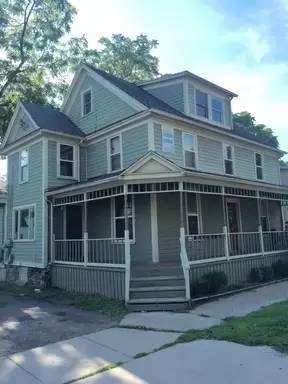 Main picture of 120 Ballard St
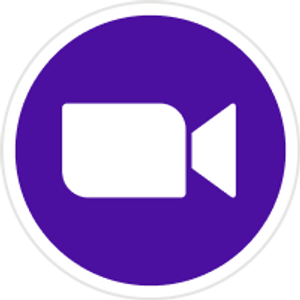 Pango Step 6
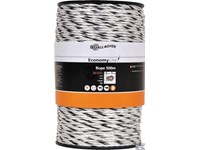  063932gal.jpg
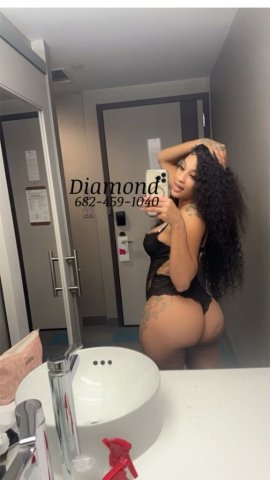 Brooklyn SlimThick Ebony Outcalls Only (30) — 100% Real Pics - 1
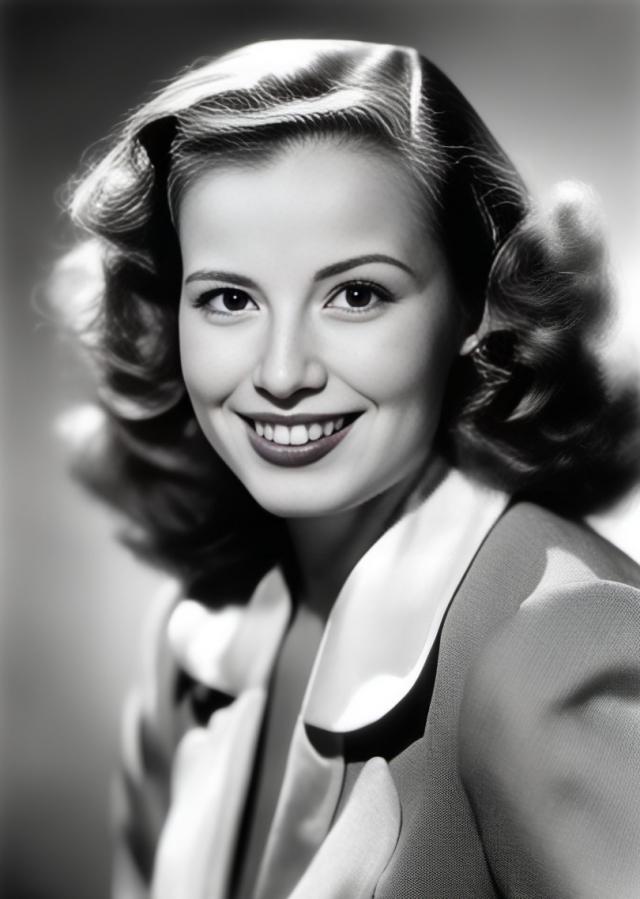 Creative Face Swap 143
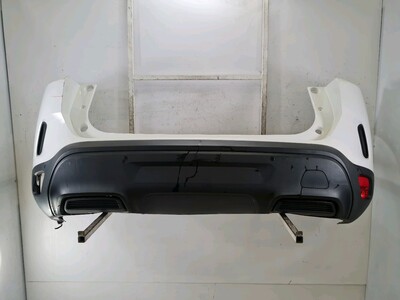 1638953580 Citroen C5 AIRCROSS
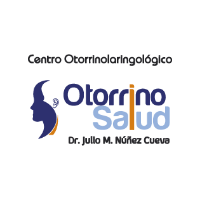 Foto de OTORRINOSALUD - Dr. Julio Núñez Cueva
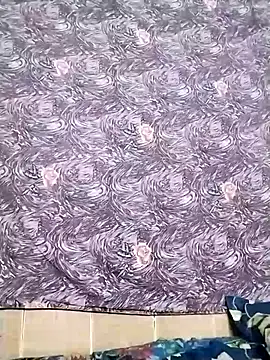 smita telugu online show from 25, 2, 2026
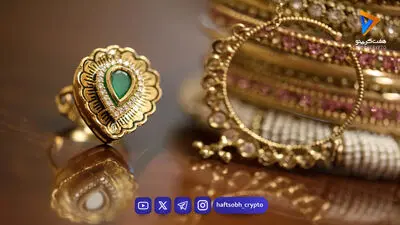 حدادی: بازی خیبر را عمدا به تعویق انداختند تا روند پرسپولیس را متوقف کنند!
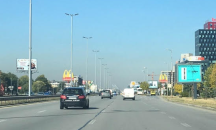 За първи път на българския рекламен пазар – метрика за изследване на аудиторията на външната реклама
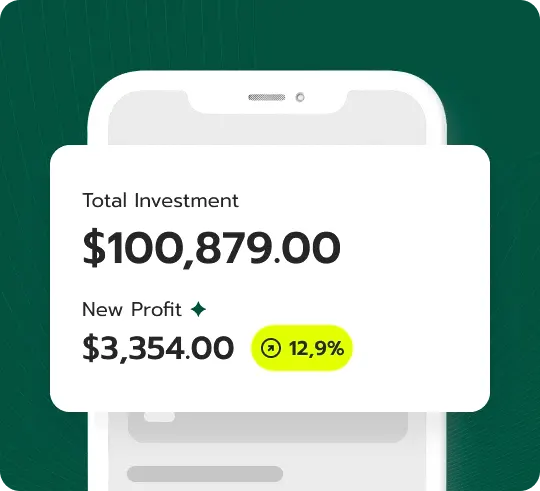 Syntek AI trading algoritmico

● ● ● ● ●

**Exercise instructions:** Pictures are to be left out; the lines from the start of the records above through the line holding "smita telugu online show from 25, 2, 2026" are to be returned exactly.

**Reply to the task:**
 Main picture of 120 Ballard St
 Pango Step 6
  063932gal.jpg
 Brooklyn SlimThick Ebony Outcalls Only (30) — 100% Real Pics - 1
 Creative Face Swap 143
 1638953580 Citroen C5 AIRCROSS
 Foto de OTORRINOSALUD - Dr. Julio Núñez Cueva
 smita telugu online show from 25, 2, 2026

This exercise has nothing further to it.